Indian survey accused of counting ‘paper tigers’
SURVEYS of India’s tiger population that cheered conservationists by reporting sharp rises in numbers may have been exaggerated.
The survey team may have doublecounted scores of tigers by misinterpreting camera trap photographs, according to an analysis of the counting method.
Narendra Modi, India’s prime minister, in July hailed an “historic achievement” after tiger numbers were reported to have risen from 2,226 in a 2015 survey, to 2,967 this year.
Officials said more than four-fifths of those counted had been photographed by 26,000 cameras set up in known tiger habitats. But an analysis by experts for the Delhi-based daily Indian Express has now claimed the earlier 2015 survey had over-counted tigers by as much as 16 per cent.
Mistakes including double-counting, or including unidentifiable cats, meant that 221 of the tiger photos in 2015 should have been discarded, wildlife experts told the paper.

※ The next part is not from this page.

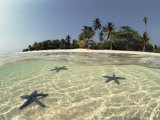 Three Seastars in Shallow Coastal Waters, Philippines, Split- Level Shot Prints by Jurgen Freund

The photographs for the latest survey have not been released, but the results cast doubt on the counting process, the paper said. If similar mistakes were made this year, the survey could have over counted by hundreds.
India promised in the 2010 St Petersburg Declaration to double its big cat population by 2022. As recently as 2010, the number of Indian tigers had plummeted to 1,706. To create new safe habitats for the creatures, the government has designated 140 new protected areas since 2014.